Emily Climbs is 5 stars for all the following wonderful reasons.

I don't think I've ever related to more or sympathized more with a character than with Emily. She's precious and beautiful and so much like me it's somewhat creepy. But beautiful at the same time. For instance: n  "Her characters lived and laughed and talked and did and enjoyed and suffered--she saw them on the background of the storm. Her cheeks burned, her heart beat, she tingled from head to foot with the keen rapture of creation...Ilse had got drunk on Malcolm Shaw's forgotten Scotch whiskey, but Emily was intoxicated with immortal wine."n Okay, 1) that is beautifully written and 2) I RELATE. ME ME. ME. ALL ME. Emily climbs to become the writer she wants to be despite everyone around her either hesitantly supporting her, not really supporting her, or flat out condemning her for her dream. Her love her writing is incessant and relatable to me and actually truly inspiring.

Also, all the characters are so so so interesting. Some in a way that has me flailing hopelessly in love with them and others because I enjoy hating them (like Dean, and Andrew, and nearly all of Emily's relatives.) There's Ilse, Emily's best female friend who is so different from Emily but is her other half so well. So much character development between the first book and this is evident and its beautiful. Development in the characters themselves and in the friendships. How Emily and Ilse love each other is beautiful. Ilse is fierce with her words in a vocal way while Emily is fierce with hers in a writing sort of way. How they grow to love each other more through their experiences and friendship is why Lucy Montgomery is the best at writing female friendships. (If you like Diana and Anne, you will love Emily and Ilse.)

And then there's Teddy, the best friend of Emily who is kind and sweet and the one Emily has fallen in love with. (He has to fall in love with her too because this is literally my favorite kind of falling-in-love story and I couldn't handle it if he doesn't happen.)

And the other favorite falling-in-love trope is the slow-burn hate to love ordeal that seems to be the case with Ilse and Perry. Two fiercely confident individuals with sharp, independent wills who rely on each other's companionship without admitting it. (They MUST fall in love HELP ME.)

As for Perry himself, I found him even more hilarious and scathingly confident in this installment than in the first. (I.e. the scene where he shows up at Emily's aunt's house, climbs through the window after telling Emily he'll kiss her. I don't ship him and Emily BUT YES.) I LOVE HIM. HE'S LIKE A LITTLE TEENAGE RHYS.

The friendships are golden.

There is also a sense of defending femininity and womanhood and being female in general from Emily herself in her encounters with supposed friends who at times minimize her for her gender or for being "pretty" as if that is all she is. And when a certain somebody asks her to marry him (well tells her too actually) and she says no because she doesn't want to is reason 24874209 why I love her.

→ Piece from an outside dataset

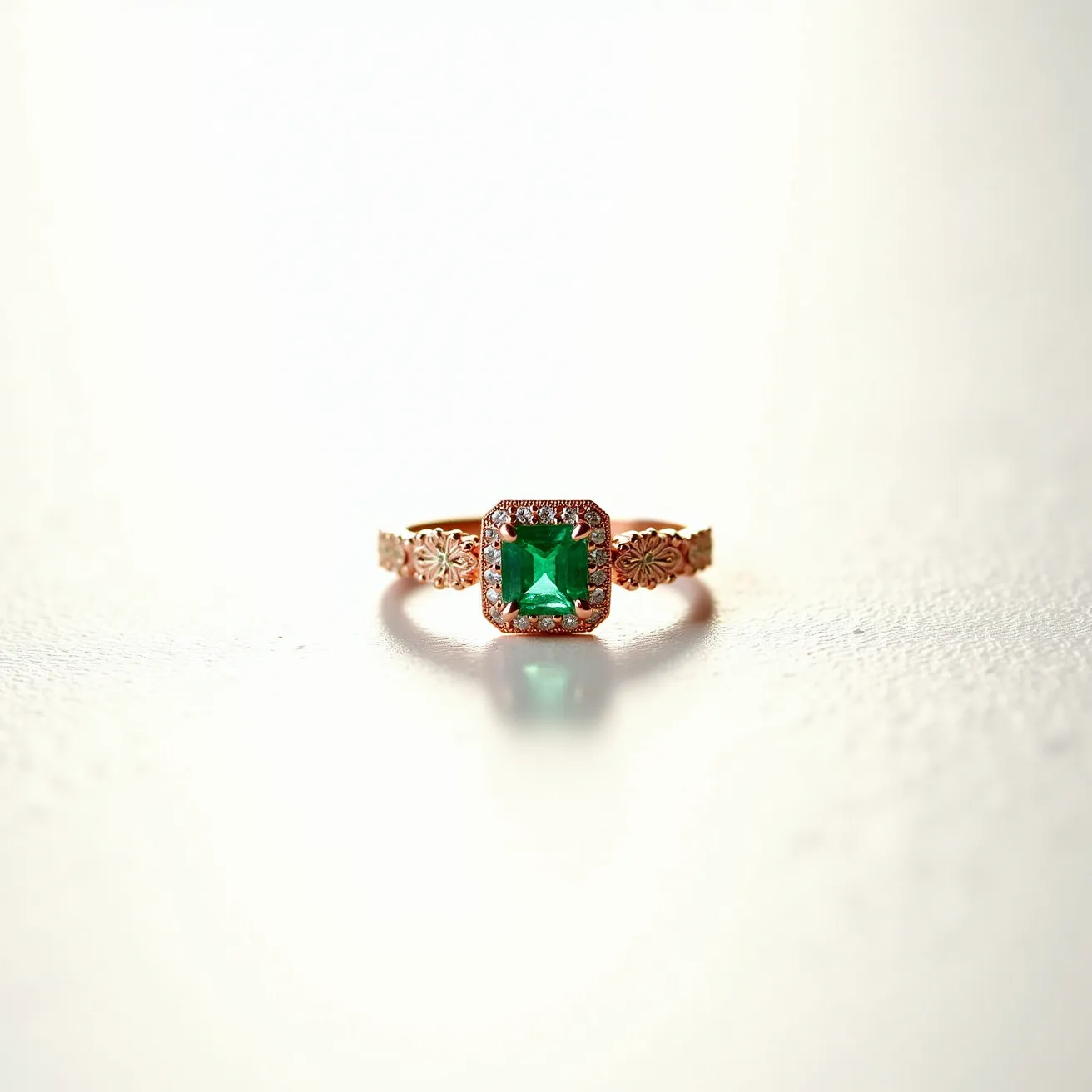 This emerald engagement ring features a vibrant square-cut emerald as its centerpiece, elegantly set within a halo of smaller diamonds that add a touch of brilliance and contrast to the central stone. The band is crafted from a rose gold metal, beautifully embellished with intricate floral engravings that lend a vintage aesthetic to the piece. The claw setting secures the emerald, providing both durability and a classic look. The overall design of the ring combines the vivid green of the emerald with the warm tones of the rose gold, creating a harmonious and timeless appeal.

Montgomery does an excellent job at setting up a plot that seems like real life, attaching you to the events and the characters, riling you up at unbearable characters, and making you feel for the main protagonist and all that she's going through. At least, this is the case in my experience any time I've read any of her books.

I adore, and have always adored, the scenery Montgomery casts in her books. Prince Edward Island is a home away from home for me even though I've never been there (but must someday) because of these books. Even though the Anne of Green Gables series tends to have more descriptions due to Anne's point of view, Emily's descriptions of the scenery make you feel the feeling of it rather than just see it and wish you were there.

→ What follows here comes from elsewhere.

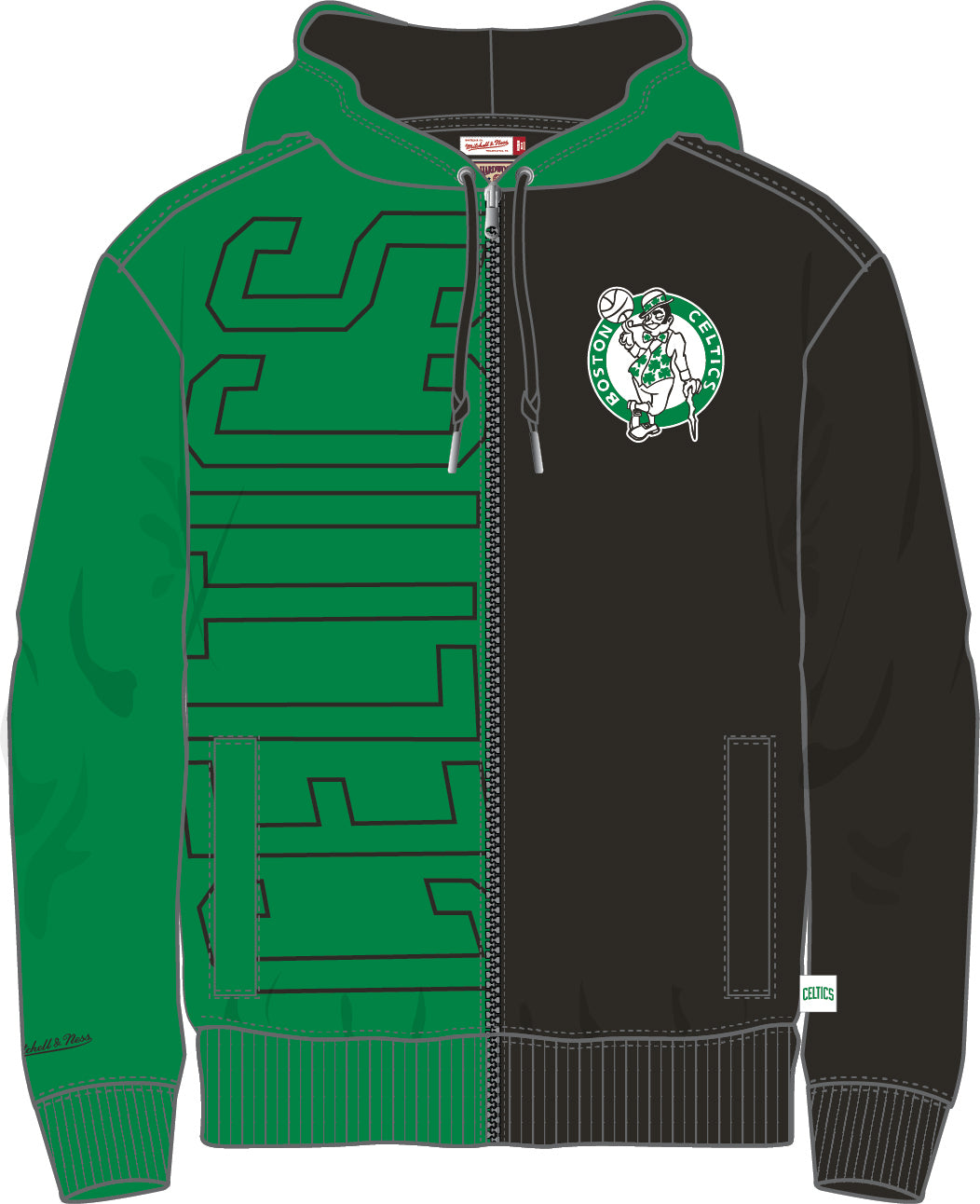 Boston Celtics Full Zip Hoodie Hooded Sweatshirt - Dota 2 Store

The book ends on a sweet note but also has you hanging for the next book. (Which I'll read promptly thank you very much.)

Some great quotes are also in this book! I mean, the whole book is beautiful with so very many lines for highlighting, but these were some of my favorites:

"You can't eat doughnuts and remain dramatic. Try it."

"A woman who has a sense of humor possesses no refuge from the merciless truth about herself. She cannot think herself misunderstood. She cannot revel in self pity. She cannot comfortably dame anyone who differs from her." This was said by Dean, a character I rather despised, and the rest of the quote says "No, Emily, the woman with a sense of humor isn't to be envied," is something I disagree with BUT the first part is golden.

"Nobody is free, except for a few brief moments now and then, when the flash comes, or when, as on my haystack night, the soul slips over into eternity for a little space. All the rest of our years we are slaves to something--traditions--conventions--ambitions--relations. And sometimes, as tonight, I think the last is the hardest bondage of all." Again, another quote from Dean that I loved despite my high dislike for him.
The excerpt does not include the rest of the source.